In this section, we analyze regulatory changes to the market design that have been brought forward as a means to mitigate inc-dec gaming: a single bid for spot and redispatch markets, price caps, and uniform pricing in the redispatch market (ENTSO-E 2021).¹⁹ We expand our model accordingly and provide formal derivations of the results in Appendix A.3. In addition, we qualitatively discuss a hybrid model combining market-based and cost-based redispatch.

5.1. Single Bid for Spot and Redispatch Market

This change relates to the argument that the possibility to adjust the bid in the spot market for the redispatch market is problematic.
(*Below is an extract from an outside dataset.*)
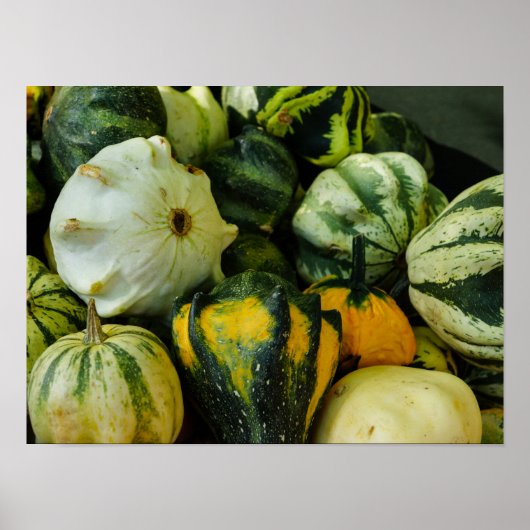 Poster Gourds Galore (Devant)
The rationale is that if generators could not adjust their bid, they would be unable to engage in gaming. To assess this claim, we extend the basic model accordingly: We allow only one bid per provider that is used both in the spot market and, if relevant, the respective redispatch market.

With only one bid and $k = 1$ , equilibrium payoffs and final allocation are identical as in the basic model in Section 3.1. Intuitively, the bidding functions (3) and (4) form an equilibrium because bidding according to these functions both in the spot and the redispatch market is according to Proposition 1 an equilibrium even if the generators are allowed to submit different bids on the two markets. Thus, this restriction of generators’ bids is inconsequential.²⁰ The same holds in the case of full information, as has been shown by Holmberg and Lazarczyk (2015).²¹

However, such invariance of bidding functions when only one bid is feasible does not hold in general. As shown in Section 3.1, $β_{A}^{S} (x) < β_{A}^{R} (x)$ for $k \geq 2$ , and, thus, bidding functions differ. In Appendix A.3.4, we exemplarily show for $k = 2$ the equilibrium bidding function in $A$ for the single-bid case. We also have $β_{A}^{S} (x) < β_{A}^{R} (x)$ in the case $k = 1$ and $d_{B} = 3$ (see (9) and (11)).

Therefore, for these cases, the expected spot market price and the expected redispatch payments with only one bid are different from those in the corresponding case of the basic model. However, the final allocation is identical to that of the basic model, and in both $A$ and $B$ the expected payoff of the weakest provider with $x = 1$ is zero. If these two conditions are met, overall payoff equivalence applies (e.g., Krishna 2010, propositions 3.1 and 5.2).

Accordingly, the one-shot game with a single bid for both markets has no advantage over the approach with two bids.

5.2. Price Caps

Price caps in spot and redispatch markets are proposed to restrict profits from gaming and thus make it less attractive (Klempp et al. 2020). In the basic model, we assume price caps that do not undercut the variable costs of the most expensive generator, that is, the cap is set at $r \geq 1$ . The outcome is the same for all these price caps. The only supply reduction due to bids above costs is by generators with low costs in market $B$ (as those with costs below $E [X_{(k, 2 k - 1)}]$ bid this amount or more), so overly high bids are not at the core of the problem.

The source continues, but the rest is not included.